Le porte-parole du gouvernement, Bruno Koné, assure que la situation est «sous contrôle». Pour lui, ces différents incidents sont les «derniers soubresauts» de la crise qui avait fait 3000 morts entre 2010 et 2011 après le refus du camp Gbagbo de reconnaître sa défaite dans les urnes. «On retombe dans la situation d'après crise, mais autant on pouvait admettre les problèmes en 2012 ou 2013, avec les armes qui ont circulé, autant en 2017 il n'y a plus d'excuse», estime une source proche de l'armée.
Tentative de «déstabilisation»
Pour le pouvoir, il s’agit d’une tentative de «déstabilisation» du pays, alors que la succession d'Alassane Ouattara en 2020 occupe de nombreux esprits. Le ministre de l'Intérieur, Sidiki Diakité, a désigné comme responsables d’anciens proches en exil de Gbagbo. Alors que le président Ouattara affirmait avoir des «preuves concrètes».
D’autres hauts responsables y voient «la patte» de Guillaume Soro, président de l'Assemblée nationale. Cet ancien chef de la rébellion fait officiellement partie de la majorité présidentielle. Mais ses ambitions alimentent toutes les rumeurs.
Les accusations des proches de Ouattara sont formellement démenties dans le camp Gbagbo. Quant à Soro, l’un de ses partisans assure: «Dès qu'il se passe quelque chose, c'est Soro par ci, Soro par là. N'importe quoi !»
«Sous couvert de réconciliation et dialogue politique (...), nous avons libéré des gens et ils n'ont pas trouvé mieux à faire que de s'attaquer à nos forces de l'ordre», a fustigé le président Ouattara. Et d'agiter le spectre des putschs, réussis ou non, qui ont par le passé plongé le pays au bord du gouffre. Le chef de l’Etat n’hésite pas à en appeler aux pays alliés, Nigeria, Ghana ou Sénégal: «S'il y a un coup d'Etat quelque part, nous n'hésiterons pas à intervenir ensemble car l'Afrique doit sortir des coups de force, des coups d'Etat et de la violence politique».
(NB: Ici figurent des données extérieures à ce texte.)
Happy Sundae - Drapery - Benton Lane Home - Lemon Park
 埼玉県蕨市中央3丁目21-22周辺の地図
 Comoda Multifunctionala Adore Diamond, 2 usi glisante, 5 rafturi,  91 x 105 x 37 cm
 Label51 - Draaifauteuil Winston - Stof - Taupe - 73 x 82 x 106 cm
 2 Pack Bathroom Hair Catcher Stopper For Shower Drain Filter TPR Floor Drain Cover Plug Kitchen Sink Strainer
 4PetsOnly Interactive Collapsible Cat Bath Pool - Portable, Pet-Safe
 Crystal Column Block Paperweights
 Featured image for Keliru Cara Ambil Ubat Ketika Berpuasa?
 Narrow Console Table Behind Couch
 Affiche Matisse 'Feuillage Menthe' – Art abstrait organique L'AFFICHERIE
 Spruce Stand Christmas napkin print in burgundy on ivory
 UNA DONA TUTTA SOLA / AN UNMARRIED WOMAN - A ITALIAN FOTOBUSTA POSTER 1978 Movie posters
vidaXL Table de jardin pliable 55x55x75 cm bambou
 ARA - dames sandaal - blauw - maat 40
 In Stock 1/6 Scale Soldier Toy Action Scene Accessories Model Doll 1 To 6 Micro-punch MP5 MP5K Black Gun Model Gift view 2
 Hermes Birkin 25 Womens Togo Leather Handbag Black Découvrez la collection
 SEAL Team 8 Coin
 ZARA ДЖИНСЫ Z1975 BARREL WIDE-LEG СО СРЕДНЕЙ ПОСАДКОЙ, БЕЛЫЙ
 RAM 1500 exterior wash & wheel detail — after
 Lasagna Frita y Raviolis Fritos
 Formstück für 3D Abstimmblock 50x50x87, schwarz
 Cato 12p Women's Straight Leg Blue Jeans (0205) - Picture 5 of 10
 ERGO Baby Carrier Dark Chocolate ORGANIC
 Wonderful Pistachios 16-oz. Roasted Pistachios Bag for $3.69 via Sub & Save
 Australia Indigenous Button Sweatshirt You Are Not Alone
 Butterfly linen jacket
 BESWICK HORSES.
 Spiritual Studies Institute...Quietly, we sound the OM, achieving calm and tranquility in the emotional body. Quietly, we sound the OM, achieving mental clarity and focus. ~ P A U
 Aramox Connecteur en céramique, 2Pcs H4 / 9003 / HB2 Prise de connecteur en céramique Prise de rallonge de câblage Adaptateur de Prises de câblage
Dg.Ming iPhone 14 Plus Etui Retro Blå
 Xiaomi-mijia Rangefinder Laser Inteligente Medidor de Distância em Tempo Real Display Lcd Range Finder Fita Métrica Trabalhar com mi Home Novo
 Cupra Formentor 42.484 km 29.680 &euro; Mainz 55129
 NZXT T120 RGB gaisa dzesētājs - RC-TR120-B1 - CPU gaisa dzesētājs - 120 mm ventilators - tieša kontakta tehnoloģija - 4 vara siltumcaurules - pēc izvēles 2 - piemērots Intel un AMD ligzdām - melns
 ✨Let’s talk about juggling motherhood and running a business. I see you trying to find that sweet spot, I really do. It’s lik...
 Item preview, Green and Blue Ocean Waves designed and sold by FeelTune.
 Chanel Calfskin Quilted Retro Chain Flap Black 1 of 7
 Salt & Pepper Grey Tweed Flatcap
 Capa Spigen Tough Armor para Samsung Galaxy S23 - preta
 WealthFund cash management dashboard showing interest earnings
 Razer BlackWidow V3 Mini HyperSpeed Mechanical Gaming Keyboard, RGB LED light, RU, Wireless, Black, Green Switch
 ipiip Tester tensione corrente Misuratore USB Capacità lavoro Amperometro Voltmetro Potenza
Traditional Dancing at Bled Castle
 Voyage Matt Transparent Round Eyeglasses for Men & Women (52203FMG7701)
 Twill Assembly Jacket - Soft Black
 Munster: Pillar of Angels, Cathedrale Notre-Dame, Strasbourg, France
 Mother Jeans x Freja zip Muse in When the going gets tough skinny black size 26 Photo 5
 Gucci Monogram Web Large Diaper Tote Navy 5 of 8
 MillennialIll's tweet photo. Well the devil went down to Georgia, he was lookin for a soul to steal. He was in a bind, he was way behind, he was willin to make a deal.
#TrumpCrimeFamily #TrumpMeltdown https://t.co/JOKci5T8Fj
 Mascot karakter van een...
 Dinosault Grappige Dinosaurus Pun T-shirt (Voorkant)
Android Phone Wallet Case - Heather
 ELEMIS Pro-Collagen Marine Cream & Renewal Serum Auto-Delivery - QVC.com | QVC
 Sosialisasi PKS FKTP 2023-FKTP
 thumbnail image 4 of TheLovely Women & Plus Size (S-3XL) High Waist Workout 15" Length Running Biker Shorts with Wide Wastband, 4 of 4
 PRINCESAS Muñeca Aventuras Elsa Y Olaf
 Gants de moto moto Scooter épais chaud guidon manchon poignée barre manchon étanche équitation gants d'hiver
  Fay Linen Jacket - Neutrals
Mais, pour une source proche des forces de sécurité, citées par l’AFP, «on a surtout l'impression qu'on tente de cacher les carences des services de sécurité et leur difficile réforme annoncée depuis des lustres en brandissant l'échec de la réconciliation nationale. Le problème, c'est surtout cette réforme indispensable qui n'avance pas». Des turbulences qui pourraient prendre de l'ampleur à mesure qu'approche la présidentielle, selon une source occidentale.
Si la crise est politique, elle est aussi économique. La Côte d'Ivoire est touchée de plein fouet par la chute des prix du cacao. Un produit dont elle est le premier exportateur mondial et qui représente 15% de son PIB. «Le choc affecte ceux qui en dépendent directement ou indirectement, soit près du quart de la population», rapporte France 24. Résultat: le gouvernement a baissé les dépenses publiques de 10%.